## Exercise
Scan the records for "Cosplay". Report each line that includes it.

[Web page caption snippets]

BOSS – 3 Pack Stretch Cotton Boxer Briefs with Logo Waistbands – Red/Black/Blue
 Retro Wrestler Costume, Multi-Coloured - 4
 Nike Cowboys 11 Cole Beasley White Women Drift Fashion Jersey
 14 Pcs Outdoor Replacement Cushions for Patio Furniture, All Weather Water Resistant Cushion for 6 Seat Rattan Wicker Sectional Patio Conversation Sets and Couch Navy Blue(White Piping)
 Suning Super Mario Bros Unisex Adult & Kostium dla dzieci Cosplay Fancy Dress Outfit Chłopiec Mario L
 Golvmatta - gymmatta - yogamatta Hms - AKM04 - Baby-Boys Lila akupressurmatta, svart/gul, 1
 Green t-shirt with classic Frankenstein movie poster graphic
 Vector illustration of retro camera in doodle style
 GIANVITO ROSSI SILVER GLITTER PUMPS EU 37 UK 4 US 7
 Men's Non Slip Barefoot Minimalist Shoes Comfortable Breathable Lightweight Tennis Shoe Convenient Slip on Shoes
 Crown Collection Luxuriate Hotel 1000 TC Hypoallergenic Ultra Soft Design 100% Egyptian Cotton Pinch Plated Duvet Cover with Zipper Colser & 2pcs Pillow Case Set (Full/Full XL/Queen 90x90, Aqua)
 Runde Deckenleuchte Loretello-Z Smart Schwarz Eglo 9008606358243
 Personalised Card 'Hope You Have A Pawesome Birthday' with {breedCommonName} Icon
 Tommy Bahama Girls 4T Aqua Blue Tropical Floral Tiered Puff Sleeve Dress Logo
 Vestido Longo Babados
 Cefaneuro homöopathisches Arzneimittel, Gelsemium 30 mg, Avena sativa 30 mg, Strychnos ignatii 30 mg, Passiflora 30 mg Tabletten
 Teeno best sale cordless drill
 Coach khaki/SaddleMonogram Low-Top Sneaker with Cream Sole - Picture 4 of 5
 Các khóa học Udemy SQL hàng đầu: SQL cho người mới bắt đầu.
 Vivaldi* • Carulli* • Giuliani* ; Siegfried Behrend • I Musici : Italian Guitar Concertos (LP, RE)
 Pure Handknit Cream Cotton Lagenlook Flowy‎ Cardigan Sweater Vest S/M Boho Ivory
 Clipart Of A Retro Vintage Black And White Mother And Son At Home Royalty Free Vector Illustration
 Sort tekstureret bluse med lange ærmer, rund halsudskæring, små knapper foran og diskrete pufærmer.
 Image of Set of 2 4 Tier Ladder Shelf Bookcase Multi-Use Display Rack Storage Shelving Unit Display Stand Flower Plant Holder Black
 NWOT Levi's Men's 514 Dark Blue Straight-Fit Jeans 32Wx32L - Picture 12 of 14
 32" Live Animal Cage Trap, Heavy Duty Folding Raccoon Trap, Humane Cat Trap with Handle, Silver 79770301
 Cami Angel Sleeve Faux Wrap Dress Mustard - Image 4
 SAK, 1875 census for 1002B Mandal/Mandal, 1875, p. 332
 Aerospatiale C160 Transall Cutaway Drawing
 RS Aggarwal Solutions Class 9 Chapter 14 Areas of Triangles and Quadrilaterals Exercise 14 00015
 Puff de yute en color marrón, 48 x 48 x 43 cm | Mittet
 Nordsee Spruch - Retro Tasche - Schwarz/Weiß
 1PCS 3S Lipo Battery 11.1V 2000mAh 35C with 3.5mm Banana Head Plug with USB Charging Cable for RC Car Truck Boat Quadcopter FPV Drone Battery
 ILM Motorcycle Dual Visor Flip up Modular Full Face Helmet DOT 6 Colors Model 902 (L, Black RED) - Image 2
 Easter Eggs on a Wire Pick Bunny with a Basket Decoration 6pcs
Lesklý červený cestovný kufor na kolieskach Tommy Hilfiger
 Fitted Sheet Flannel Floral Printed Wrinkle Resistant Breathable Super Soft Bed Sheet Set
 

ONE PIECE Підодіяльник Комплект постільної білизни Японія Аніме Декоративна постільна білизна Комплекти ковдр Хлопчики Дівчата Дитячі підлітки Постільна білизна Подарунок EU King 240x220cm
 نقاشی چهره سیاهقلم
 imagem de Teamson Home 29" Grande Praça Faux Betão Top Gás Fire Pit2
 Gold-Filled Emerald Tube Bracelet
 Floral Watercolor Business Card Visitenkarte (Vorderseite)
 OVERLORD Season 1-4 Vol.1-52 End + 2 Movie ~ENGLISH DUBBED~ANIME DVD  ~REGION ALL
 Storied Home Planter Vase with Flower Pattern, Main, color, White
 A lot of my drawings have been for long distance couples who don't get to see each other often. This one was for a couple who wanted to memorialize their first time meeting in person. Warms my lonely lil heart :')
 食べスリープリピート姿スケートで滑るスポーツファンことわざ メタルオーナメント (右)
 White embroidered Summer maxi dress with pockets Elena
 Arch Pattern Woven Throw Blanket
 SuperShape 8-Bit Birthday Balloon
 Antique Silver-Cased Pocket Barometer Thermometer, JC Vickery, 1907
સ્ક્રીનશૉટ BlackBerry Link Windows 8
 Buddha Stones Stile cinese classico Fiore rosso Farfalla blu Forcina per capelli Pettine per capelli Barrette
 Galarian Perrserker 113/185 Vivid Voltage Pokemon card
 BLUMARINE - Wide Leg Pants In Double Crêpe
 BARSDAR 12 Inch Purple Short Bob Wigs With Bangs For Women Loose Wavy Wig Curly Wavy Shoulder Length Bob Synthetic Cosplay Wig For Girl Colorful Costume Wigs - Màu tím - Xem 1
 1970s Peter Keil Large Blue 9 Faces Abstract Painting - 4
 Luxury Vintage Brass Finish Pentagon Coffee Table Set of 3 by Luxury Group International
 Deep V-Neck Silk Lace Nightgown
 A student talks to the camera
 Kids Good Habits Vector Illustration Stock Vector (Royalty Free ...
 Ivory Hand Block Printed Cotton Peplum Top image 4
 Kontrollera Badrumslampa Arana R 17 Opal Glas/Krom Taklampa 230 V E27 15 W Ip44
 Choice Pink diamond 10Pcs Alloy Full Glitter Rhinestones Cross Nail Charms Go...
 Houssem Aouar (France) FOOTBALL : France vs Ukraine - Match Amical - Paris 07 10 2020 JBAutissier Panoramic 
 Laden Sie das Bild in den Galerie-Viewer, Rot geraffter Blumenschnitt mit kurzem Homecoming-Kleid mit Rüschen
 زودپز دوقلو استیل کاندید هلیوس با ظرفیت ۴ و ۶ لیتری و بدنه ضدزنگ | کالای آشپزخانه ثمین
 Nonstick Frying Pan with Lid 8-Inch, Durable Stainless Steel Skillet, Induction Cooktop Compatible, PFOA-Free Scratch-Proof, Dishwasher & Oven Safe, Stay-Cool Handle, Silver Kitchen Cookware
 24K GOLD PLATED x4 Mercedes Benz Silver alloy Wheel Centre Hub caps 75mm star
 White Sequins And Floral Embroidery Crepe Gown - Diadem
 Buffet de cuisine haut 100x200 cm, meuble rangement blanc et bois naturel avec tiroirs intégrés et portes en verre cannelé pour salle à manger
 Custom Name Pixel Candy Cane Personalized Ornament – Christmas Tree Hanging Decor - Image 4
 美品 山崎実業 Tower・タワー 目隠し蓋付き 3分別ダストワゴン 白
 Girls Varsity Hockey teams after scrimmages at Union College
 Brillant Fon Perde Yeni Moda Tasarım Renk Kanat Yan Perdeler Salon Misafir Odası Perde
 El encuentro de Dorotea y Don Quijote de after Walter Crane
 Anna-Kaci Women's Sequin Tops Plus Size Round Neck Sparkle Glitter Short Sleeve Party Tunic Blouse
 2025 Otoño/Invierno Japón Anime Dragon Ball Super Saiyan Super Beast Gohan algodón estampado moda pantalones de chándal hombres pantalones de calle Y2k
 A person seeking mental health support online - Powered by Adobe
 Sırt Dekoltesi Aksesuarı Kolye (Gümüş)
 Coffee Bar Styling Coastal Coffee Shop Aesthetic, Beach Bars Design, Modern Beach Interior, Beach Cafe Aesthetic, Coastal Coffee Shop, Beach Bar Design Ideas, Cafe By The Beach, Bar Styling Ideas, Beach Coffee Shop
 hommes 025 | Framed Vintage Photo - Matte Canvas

## Answer to this task
 Suning Super Mario Bros Unisex Adult & Kostium dla dzieci Cosplay Fancy Dress Outfit Chłopiec Mario L
 BARSDAR 12 Inch Purple Short Bob Wigs With Bangs For Women Loose Wavy Wig Curly Wavy Shoulder Length Bob Synthetic Cosplay Wig For Girl Colorful Costume Wigs - Màu tím - Xem 1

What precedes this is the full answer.